What is a winding-up petition?
A winding-up petition is a formal document issued by a company creditor in the court, which requests them to force a company to cease trading and enter compulsory liquidation. A Creditor must be owed at least £5,000 to apply for a winding-up petition, and will usually be applying it as a last resort, having already tried to reclaim their debt via a statutory demand or bailiff action. A Winding up Petition will result in a company’s bank account being frozen as soon as the bank becomes aware, and additional creditors will have the opportunity to ‘piggyback’ on the back of the original petition should they also become aware of it.
What will happen if I do nothing?
If a Creditor has grown tired of trying to recover a debt amicably and is threatening to apply for a winding-up petition but has not yet done so, the failure to take action will most likely result in them applying to the courts for a winding-up order.
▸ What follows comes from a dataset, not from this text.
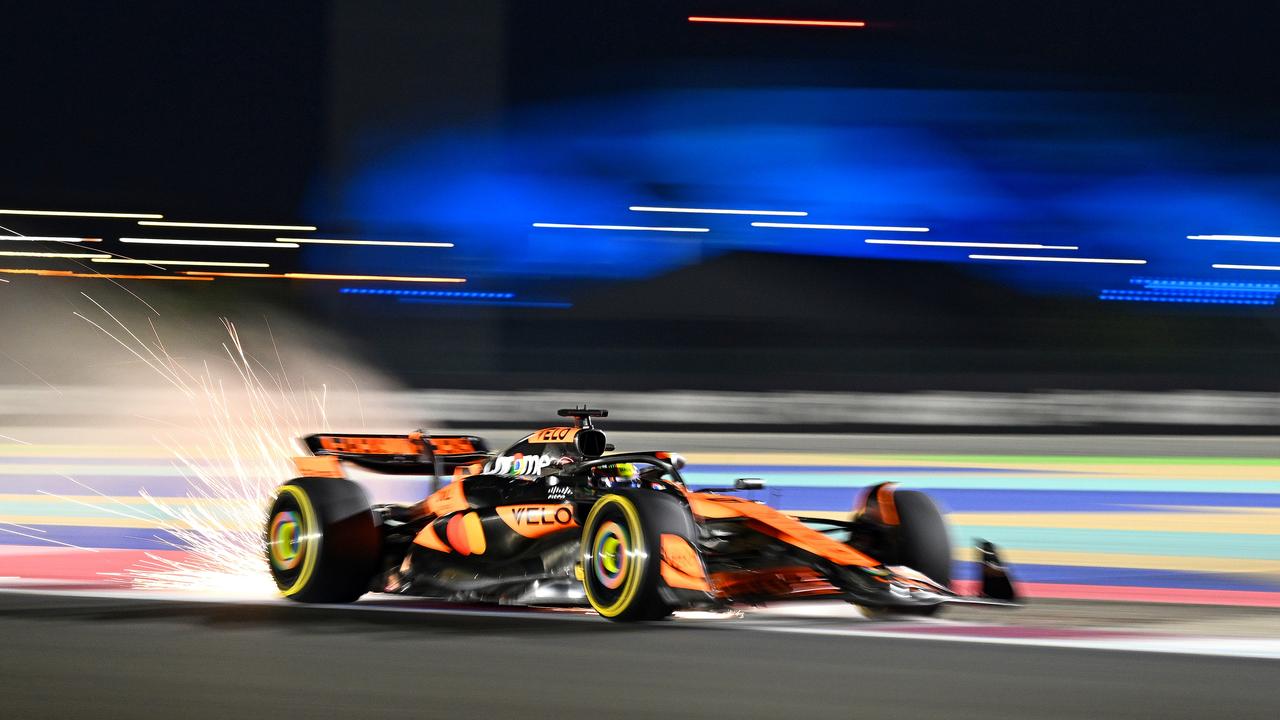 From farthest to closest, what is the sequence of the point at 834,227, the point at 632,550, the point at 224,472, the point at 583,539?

Once they have done this, the Courts will set a time and date for a hearing of the petition and your Creditor will serve the petition upon you, at least 14 days’ before the hearing. Your Creditor will then advertise the petition in the London Gazette, which may encourage more of your Creditors to endorse the petition, and will prompt your bank to freeze your company account even if it’s in credit.
If no action is taken at this point, the hearing of the petition will proceed and the winding-up Order may be made. If the order is made your company will enter compulsory liquidation. This will result in the sale of company assets, the closure of the company and an investigation into the conduct of the directors and company practices.
What will the effects of compulsory liquidation mean for my company?
Compulsory Liquidation is often regarded as the least favourable insolvency process, as there are potentially higher fees, lower returns and the removal of the opportunity for an orderly cessation of trade and a possible restart.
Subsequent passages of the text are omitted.